Looking for info on replacing balancer on White 2-105. I think 254.4 Perkins Diesel. 3 grooves. Rubber is coming apart. Any good sources?


----------



## danwi (Mar 6, 2015)

There's a place in Oregon Dale Manufacturing that rebuilds harmonic balancers he works on all make and models. I have used him for an Allis Chalmers 301 diesel and many others over on the Allis forum have given him good reviews. Good work and a reasonable price and fast turn around. You will just have to look up his web site.


----------



## TORCH (Jan 7, 2012)

I will look them up, thank you very much.


----------



## mlappin (Jun 25, 2009)

Get ahold of Maibach Tractor in Ohio, they have rebuilt balancers for the Waukesha diesels so I'm pretty sure they'll have em for the 354 Perkins.


----------



## mlappin (Jun 25, 2009)

Ask and you shall receive.

http://parts.maibachtractorparts.com/product_info.php/cPath/25_43/products_id/656


----------



## TORCH (Jan 7, 2012)

danwi said:


> Gee I emailed him today Sunday and he replied. So I took it off and putting in mail tomorrow. Thank you for the tip.
> 
> There's a place in Oregon Dale Manufacturing that rebuilds harmonic balancers he works on all make and models. I have used him for an Allis Chalmers 301 diesel and many others over on the Allis forum have given him good reviews. Good work and a reasonable price and fast turn around.

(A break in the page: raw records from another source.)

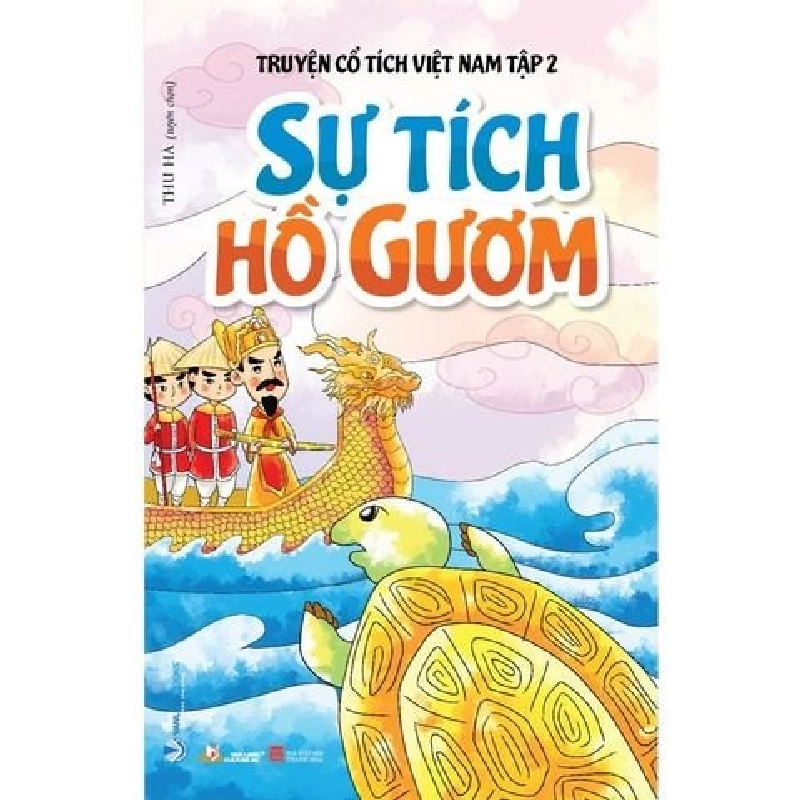 Truyện cổ tích Việt Nam T2 - Sự tích Hồ Gươm mới 100% HCM.PO Thu Hà 343690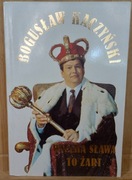 Wielka slawa to żart. Bogusław Kaczyński 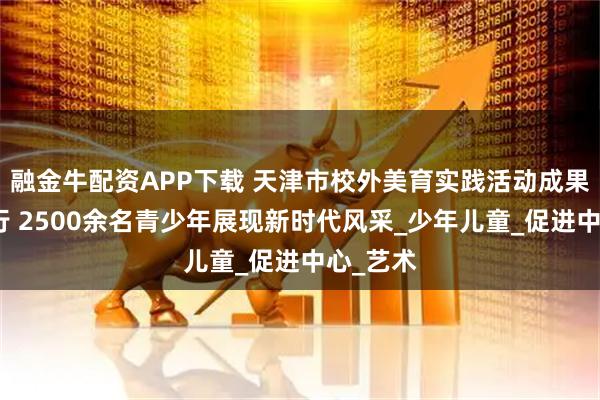 融金牛配资APP下载 天津市校外美育实践活动成果展演举行 2500余名青少年展现新时代风采_少年儿童_促进中心_艺术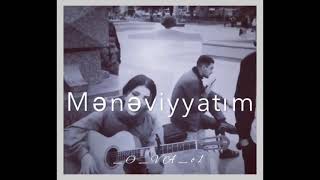 Sensen Menim Heyatim Heyatim Sensen Meneviyyatim Heyatim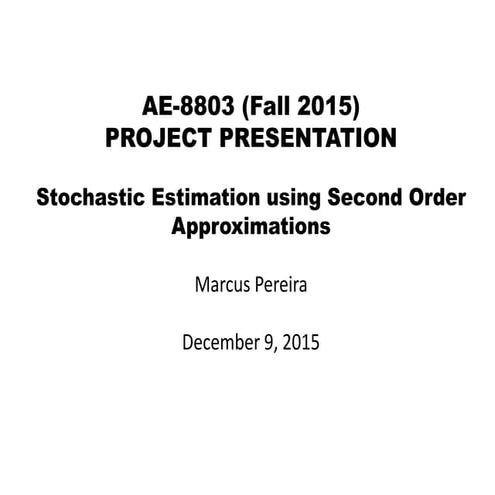 AE8803_ProjectPresentation_Marcus_Pereira_V1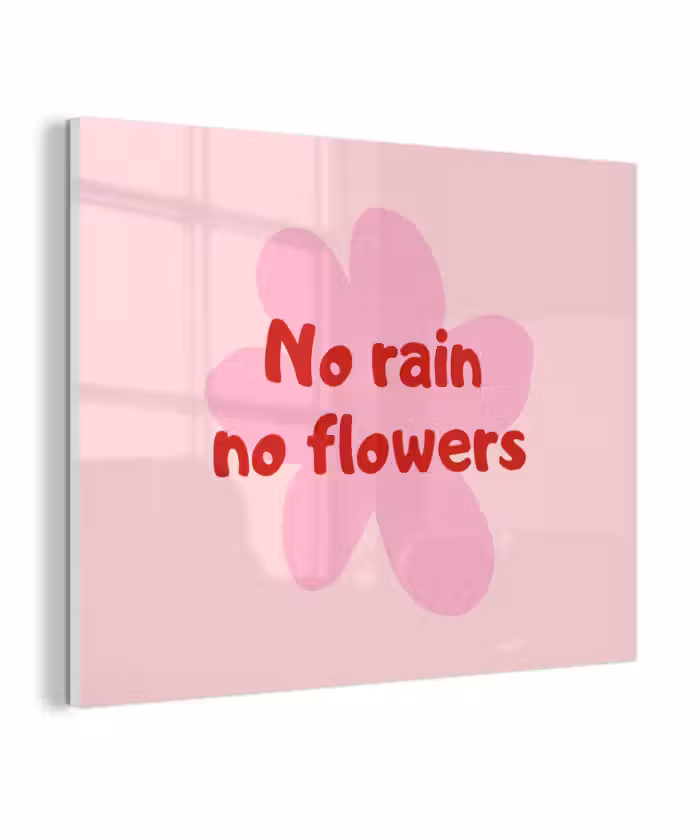 Glas schilderij - No rain no flowers - Bloem - Roze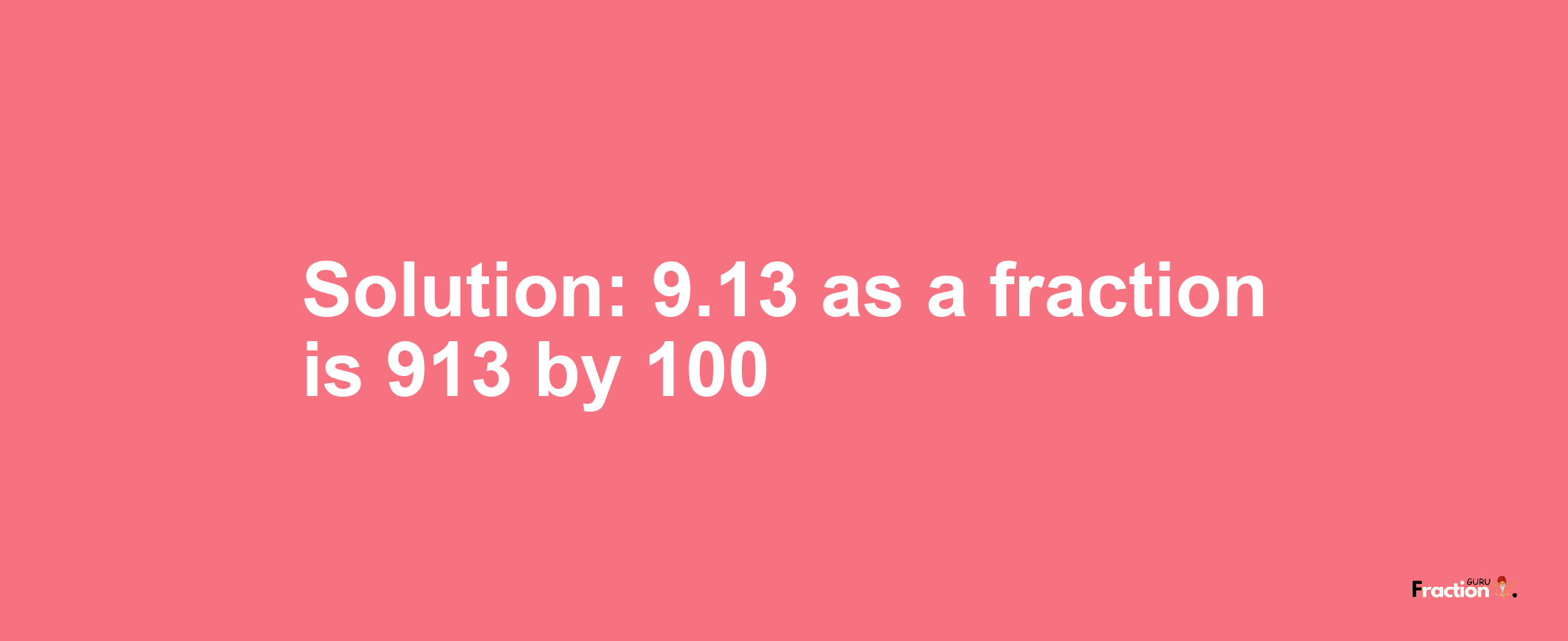 Solution:9.13 as a fraction is 913/100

You will just have to look up his web site.


----------



## TORCH (Jan 7, 2012)

mlappin said:


> Get ahold of Maibach Tractor in Ohio, they have rebuilt balancers for the Waukesha diesels so I'm pretty sure they'll have em for the 354 Perkins.
> 
> When I took off balancer looks like There was a weld repair and put gasket sealer on the weld. Didn't dare scrap it off. Now looking for used timing chain cover. I will post a new thread. Thanks for your help. Will call them tomorrow to see about cover.


----------



## TORCH (Jan 7, 2012)

danwi said:


> There's a place in Oregon Dale Manufacturing that rebuilds harmonic balancers he works on all make and models. I have used him for an Allis Chalmers 301 diesel and many others over on the Allis forum have given him good reviews. Good work and a reasonable price and fast turn around. You will just have to look up his web site.


Dale did a great job! Sand blasted and repainted. Looks like new. Thank you for the tip. The best value around, just go to the source worked.


----------